Many changed careers, starting back at the bottom in jobs that paid much less than what they left behind, according to the study. For a few, it meant spending even more money on retraining or tuition. Meanwhile, all suffered from lost wages, lost health benefits and depleted retirement savings as debts piled up.

When the #MeToo movement began in earnest in 2018, “we had all these women sharing their stories,” said C. Nicole Mason, president of IWPR. But “we had very little research or data about what does this mean for women’s economic mobility, security, career mobility. We really couldn’t answer that question.”

Data can be hard to come by. Settlements typically come with non-disclosure agreements, and the government doesn’t require businesses to report whether women are leaving due to harassment. “We took it as a personal charge to try to quantify this,” Mason said.

The case of Marlene is a prime illustration of what can happen. Asking to be identified by only her first name due to ongoing litigation, Marlene said colleagues at the agency where she worked warned she had been promoted for the wrong reasons. According to a lawsuit she filed in May, Marlene soon discovered what they meant.

Two months after starting her new job as executive assistant, she alleged that her supervisor started making comments about her appearance and personal life. Then he began leaving small gifts with hand-written cards in her office at night, she said. But when Marlene told him she wasn’t interested, everything changed—he started sending a barrage of emails demanding more work. When she complained, Marlene found herself relieved of duties and privileges while her supervisor was promoted, according to court papers. She was also moved from the C-suite to a reception area—right next to the copier.

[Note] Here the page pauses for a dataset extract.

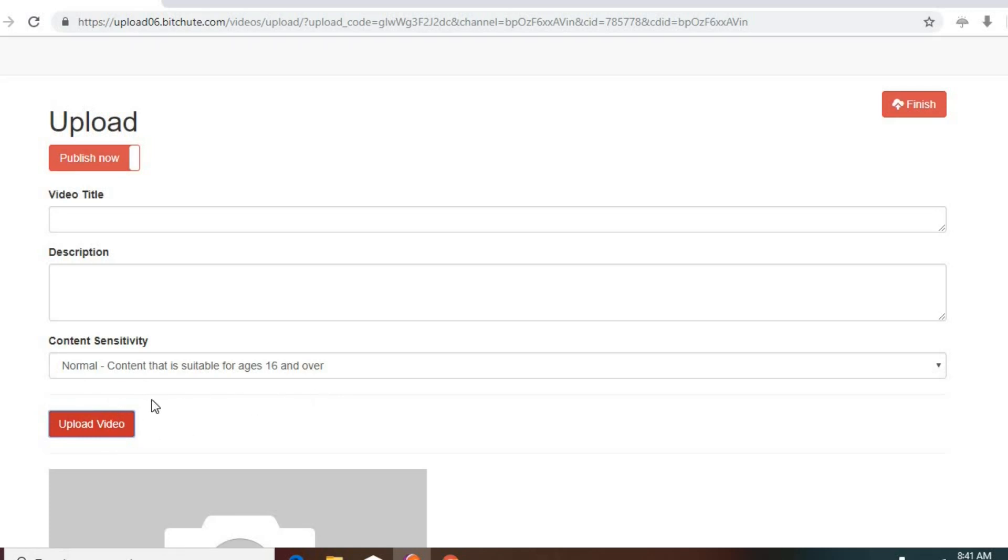You see it didn't upload. When it successfully uploads, the file name appears here.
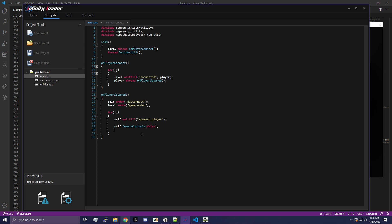Otherwise they're not going to be in control of the game, and anything they do will basically kick them or the server won't accept it. So we want to check if we are the host. This should be the same for both Black Ops 2 and any other game you do, except Black Ops 1 — we're not supporting Black Ops 1 in this tutorial series. So we're going to do: if self isHost.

Marlene said she concluded she had no future at the agency, and quit. She obtained a right to sue letter from the Equal Employment Opportunity Commission and did so in state court. But she also moved to another state, where she was forced to take an entry-level job in a different field, one in which she had no experience, she said. Years later, Marlene said she has yet to make the kind of money she earned at her old job.

Marlene’s allegations are the sort many companies seek to avoid with robust training and warnings to would-be harassers. But even now, the IWPR said, at least one-quarter of women still experience sexual harassment at work. The financial consequences factor into the gender wage gap that leaves them earning 82 cents for every dollar a man makes. Many of the women Time’s Up and IWPR interviewed left high-paying jobs, some in male-dominated spaces, for lower-paid work.

Men can be harassed as well. Anthoné Gerenis, who in 2019 filed a complaint with the EEOC, said he started working at a real estate company in Gainesville, Florida, at age 19. Within two years, he worked his way up to company headquarters and human resources.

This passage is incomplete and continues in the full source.